LeaChar House is an architectural landmark, exemplifying late-20th-century Arizona Territorial Revival architecture style and serving as the final masterpiece of the architectural designer and artist, Charles Bolsius. Situated on the eastern outskirts of Tucson, Arizona, within the historically significant Tanque Verde, Arizona village area, off "Tanque Verde Loop" the LeaChar House occupies a tranquil setting amidst verdant mesquite trees part of a bosque along the banks of Tanque Verde Creek. This natural environment evokes the charm and rural landscapes surrounding Fort Lowell, where Bolsius resided prior to the urban expansion of Tucson in the mid-20th century.

== History ==
Constructed in 1979 on 1.59 acre as the personal residence of Dutch-born Arizona artist Charles Bolsius and his wife Leora, the LeaChar House showcases many of the distinctive architectural motifs and craftsmanship techniques that Bolsius honed throughout his career. Crafted from burnt adobe treated with a sack mortar wash. The exterior embodies the characteristics of early-20th-century design principles and materials including Bolsius's signature hand-carved doors, corbels, plank and beamed ceilings, corner fireplaces, and steel casement windows.

Evolving with the architectural trends of the late 20th century, the LeaChar House incorporates a more contemporary floor plan characterized by a seamless integration of the living room and dining area, enhancing the residence's sense of openness and connectivity. Notably, a screened patio known as the "Arizona Room" is attached to the side elevation of the house. The carved patio wood work was repurposed from salvaged components of the original gates of Las Saetas, adding a touch of historical significance and design continuity to the property.
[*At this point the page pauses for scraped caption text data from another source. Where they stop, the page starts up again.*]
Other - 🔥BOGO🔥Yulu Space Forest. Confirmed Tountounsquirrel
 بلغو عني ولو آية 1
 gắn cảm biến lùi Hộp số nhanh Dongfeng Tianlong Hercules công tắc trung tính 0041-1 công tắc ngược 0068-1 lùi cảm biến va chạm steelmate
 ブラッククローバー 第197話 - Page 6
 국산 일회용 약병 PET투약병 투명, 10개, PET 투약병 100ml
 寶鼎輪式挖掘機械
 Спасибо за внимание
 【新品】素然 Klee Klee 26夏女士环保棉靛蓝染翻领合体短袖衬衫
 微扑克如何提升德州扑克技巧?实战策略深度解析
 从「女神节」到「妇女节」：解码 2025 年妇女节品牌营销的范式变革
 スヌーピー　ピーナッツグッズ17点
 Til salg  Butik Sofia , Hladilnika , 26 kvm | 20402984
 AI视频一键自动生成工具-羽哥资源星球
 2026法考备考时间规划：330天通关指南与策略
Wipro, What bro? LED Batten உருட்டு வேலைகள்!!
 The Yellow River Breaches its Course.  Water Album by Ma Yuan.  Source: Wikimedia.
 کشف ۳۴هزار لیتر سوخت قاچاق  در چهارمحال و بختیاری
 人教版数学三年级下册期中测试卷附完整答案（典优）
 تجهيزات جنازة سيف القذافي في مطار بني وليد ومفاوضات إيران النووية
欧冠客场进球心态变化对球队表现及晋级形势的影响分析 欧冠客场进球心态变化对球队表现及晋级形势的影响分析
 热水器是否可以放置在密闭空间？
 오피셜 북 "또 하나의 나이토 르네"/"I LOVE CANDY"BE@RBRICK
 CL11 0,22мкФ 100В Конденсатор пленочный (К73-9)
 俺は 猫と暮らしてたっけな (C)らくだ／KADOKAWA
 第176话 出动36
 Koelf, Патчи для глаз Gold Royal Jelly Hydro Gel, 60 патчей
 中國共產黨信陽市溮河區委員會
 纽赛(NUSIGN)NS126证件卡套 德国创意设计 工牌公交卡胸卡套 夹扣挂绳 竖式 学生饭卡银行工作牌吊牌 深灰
The name "LeaChar" is a fusion of Leanora and Charles, reflecting the deeply personal nature of this project for the Bolsius couple. The couple also maintained a cabin called "Château Leachar" on nearby Mount Lemmon in Willow Canyon, which was they purchased in 1972, and burnt down in 2003 as part of the Aspen Fire. Charles Bolsius died in March 1983, shortly after the completion of the LeaChar House. Leora Bolsius resided in the home until 2008.